Kolumne

"Wo bleibt die Story?"

30.05.2003
Gerhard Holzwart Redakteur CW

Die Aktionäre der Deutschen Telekom haben wieder Vertrauen gefasst. Vorstandssprecher Kai-Uwe Ricke bekam, anders als sein Vorgänger Ron Sommer, auf der Hauptversammlung Beifall statt Pfiffe. Das erreichte er offensichtlich mit seinem nüchternen, zupackenden Stil und natürlich mit seiner Bilanz der ersten sechs Monate, die sich sehen lassen kann: die Schulden um acht Milliarden Euro gesenkt, den Vorstand umgebaut, sein Gehalt offen gelegt, das erste positive Quartalsergebnis seit knapp zwei Jahren (siehe Seite 22). Gleichzeitig kündigte er glaubhaft an, die hohen Verbindlichkeiten des Unternehmens weiter schnell und drastisch zu senken. Er brauche keine 100 Tage, um sich in seinem neuen Job zurechtzufinden und sich erstmals beurteilen zu lassen, hatte Ricke bei seiner Berufung im November vergangenen Jahres erklärt. Die Aktionäre und Analysten haben ihm nun sogar ein weiteres Jahr Zeit gegeben.

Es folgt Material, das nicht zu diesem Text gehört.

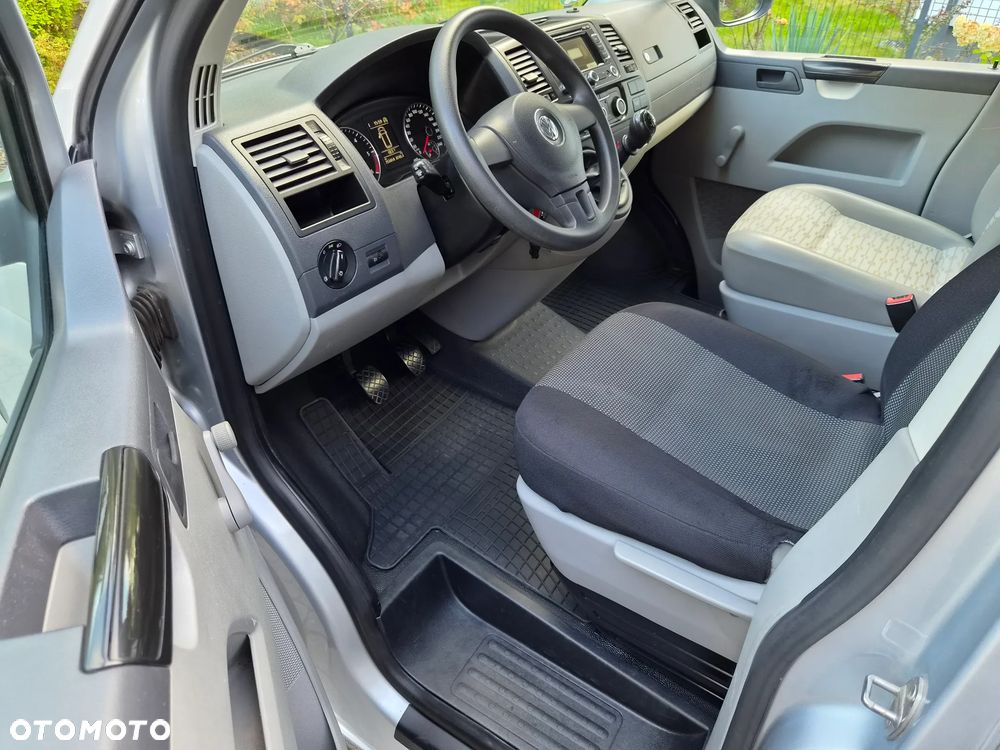 Volkswagen Transporter L2H1 - 9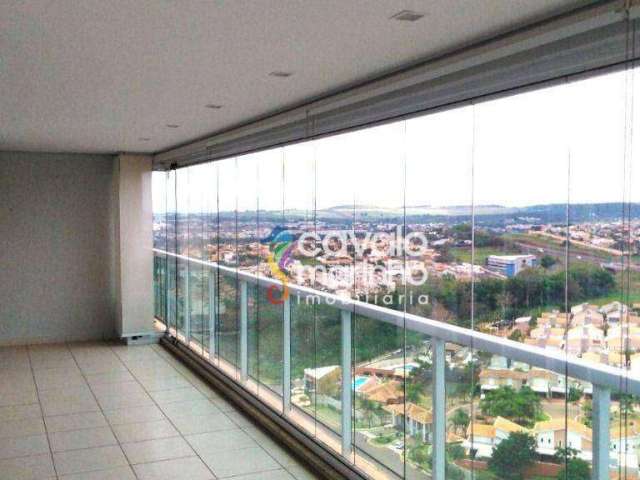 Apartamento com 3 dormitórios à venda, 167 m² por R$ 1.300.000,00 - Jardim Botânico - Ribeirão Preto/SP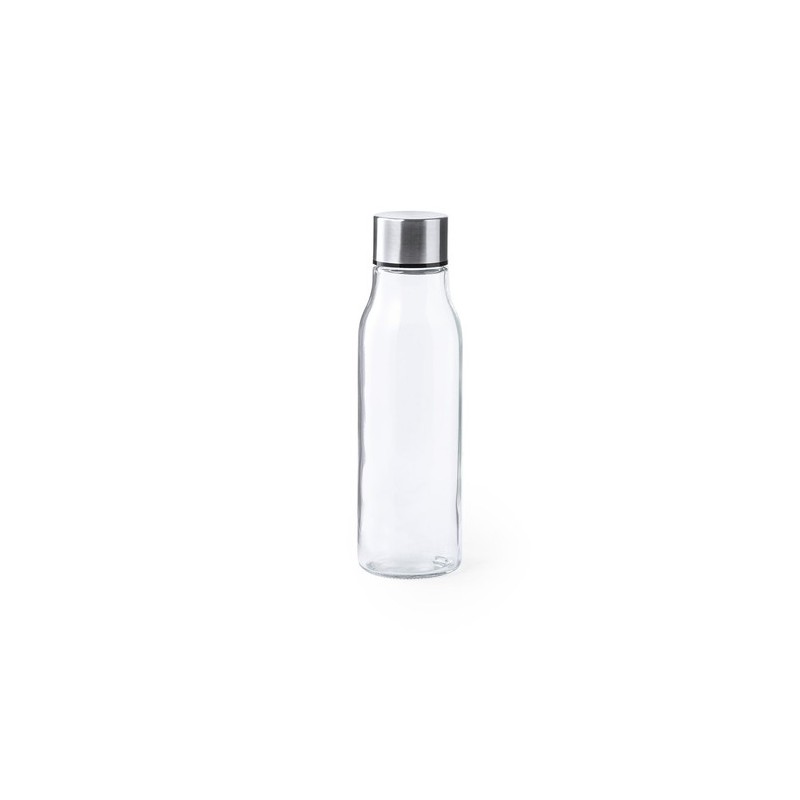 Gourde Réutilisable Personnalisée en Verre - Bidon Krobus pas cher Matières : acier inoxydable cadeau entreprise pas cher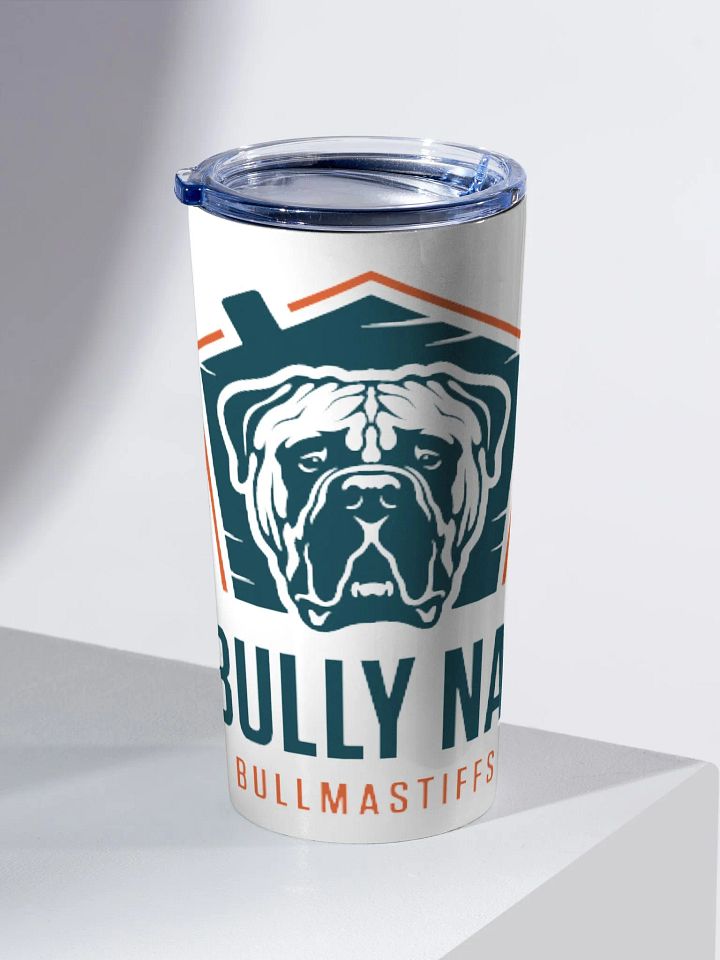 Big Bully Nation Stainless Steel Tumbler product image (2)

Die Sanierung des Telekom-Haushalts alleine wird jedoch nicht genügen. Die Zeiten großer "Entwürfe" sind in der weltweiten TK-Szene längst passé; Visionäre wie Ron Sommer oder Hasardeure wie Bernard Ebbers (Worldcom) haben nicht umsonst ihren Job verloren. Insofern passt der bodenständige Telekom-Frontmann gut in die Landschaft. Ricke wird aber in absehbarer Zeit noch einige Fragen beantworten müssen. Nicht nur zur Zukunft der einzelnen Unternehmenssparten, sondern auch, was die generelle strategische Ausrichtung seines Konzerns angeht.

Heute ist die Telekom weltweit der einzige noch verbliebene integrierte Diensteanbieter in den "Times"-Märkten (Telekommunikation, IT, Multimedia, Entertainment, Security) mit globalem Anspruch. Immer weniger Branchenkenner trauen dem Bonner Carrier jedoch zu, diese unter Ron Sommer als "Story" für drei Börsengänge instrumentalisierte Positionierung aufrechterhalten zu können. AT&T und British Telecom (BT) beispielsweise haben längst die Konsequenzen aus dem Paradigmenwechsel im Markt gezogen und sich in kleinere Einheiten für Geschäfts- und Privatkunden beziehungsweise Mobilfunk aufgespalten. Deutsche Telekom, France Télécom und manch andere europäische Ex-Monopolisten sind hier auf halbem Wege stehen geblieben.

Wenn es derzeit einen Global Player in der Telekommunikation gibt, ist es einzig und allein Vodafone mit seinem inzwischen nahezu weltumspannenden Mobilfunkimperium. Doch die Hintergründe der Strategie und des Erfolgs des britischen Konzerns sind eine Geschichte für sich. Auch von Ricke wird deshalb bald eine neue "Story" erwartet werden, nämlich die, was er mit seiner wiedergewonnenen finanziellen Handlungsfähigkeit anzufangen gedenkt.